His mother looked at him.
"You're head of the family now, my son," she told him.
He reached out and hugged her close against his side. Head of the family – what was left of it. Just the three of them now. His mother and his son. And his son would be leaving soon, going out to Mars. But he would come back. Come back with a wife, perhaps, and the family would go on. The family wouldn't stay at three. Most of the big house wouldn't stay closed off, as it now was closed off. There had been a time when it had rung with the life of a dozen units of the family, living in their separate apartments under one big roof. That time, he knew, would come again.
The three of them turned and left the crypt, took the path back to the house, looming like a huge grey shadow in the mist.

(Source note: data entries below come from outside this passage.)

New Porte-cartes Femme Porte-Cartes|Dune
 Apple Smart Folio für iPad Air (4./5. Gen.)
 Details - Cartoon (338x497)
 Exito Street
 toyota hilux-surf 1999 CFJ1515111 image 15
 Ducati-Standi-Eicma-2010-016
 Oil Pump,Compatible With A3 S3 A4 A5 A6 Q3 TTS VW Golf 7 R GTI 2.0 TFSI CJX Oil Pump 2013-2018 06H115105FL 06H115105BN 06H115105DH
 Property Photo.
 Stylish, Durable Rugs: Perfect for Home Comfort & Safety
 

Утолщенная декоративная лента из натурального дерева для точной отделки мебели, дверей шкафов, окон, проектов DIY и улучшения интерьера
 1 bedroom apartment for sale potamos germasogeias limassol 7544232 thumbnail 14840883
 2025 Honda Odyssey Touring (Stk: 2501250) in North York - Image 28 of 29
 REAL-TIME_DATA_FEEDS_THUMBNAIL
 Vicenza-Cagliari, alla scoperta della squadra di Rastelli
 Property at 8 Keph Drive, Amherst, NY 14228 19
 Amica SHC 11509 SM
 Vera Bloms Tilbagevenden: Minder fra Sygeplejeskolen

A fire blazed in the hearth and the book lay upon his desk. Jerome A. Webster reached out and picked it up, read the title once again:
Martian Physiology, With Especial Reference to the Brain, by Jerome A. Webster, M.D.
Thick and authoritative – the work of a lifetime. Standing almost alone in its field. Based upon the data gathered during those five plague years on Mars – years when he had laboured almost day and night with his fellow colleagues of the World Committee's medical commission, dispatched on an errand of mercy to the neighbouring planet.
A tap sounded on the door.
"Come in," he called.
The door opened and a robot glided in.
"Your whisky, sir."
"Thank you, Jenkins," Webster said.
"The minister, sir," said Jenkins, "has left."
"Oh, yes. I presume that you took care of him."
"I did, sir. Gave him the usual fee and offered him a drink. He refused the drink."
"That was a social error," Webster told him. "Ministers don't drink."
"I'm sorry, sir. I didn't know. He asked me to ask you to come to church sometime."
"I told him, sir, that you never went anywhere."
"That was quite right, Jenkins," said Webster. "None of us ever go anywhere."
Jenkins headed for the door, stopped before he got there, turned around. "If I may say so, sir, that was a touching service at the crypt. Your father was a fine human, the finest ever was. The robots were saying the service was very fitting. Dignified like, sir. He would have liked it had he known."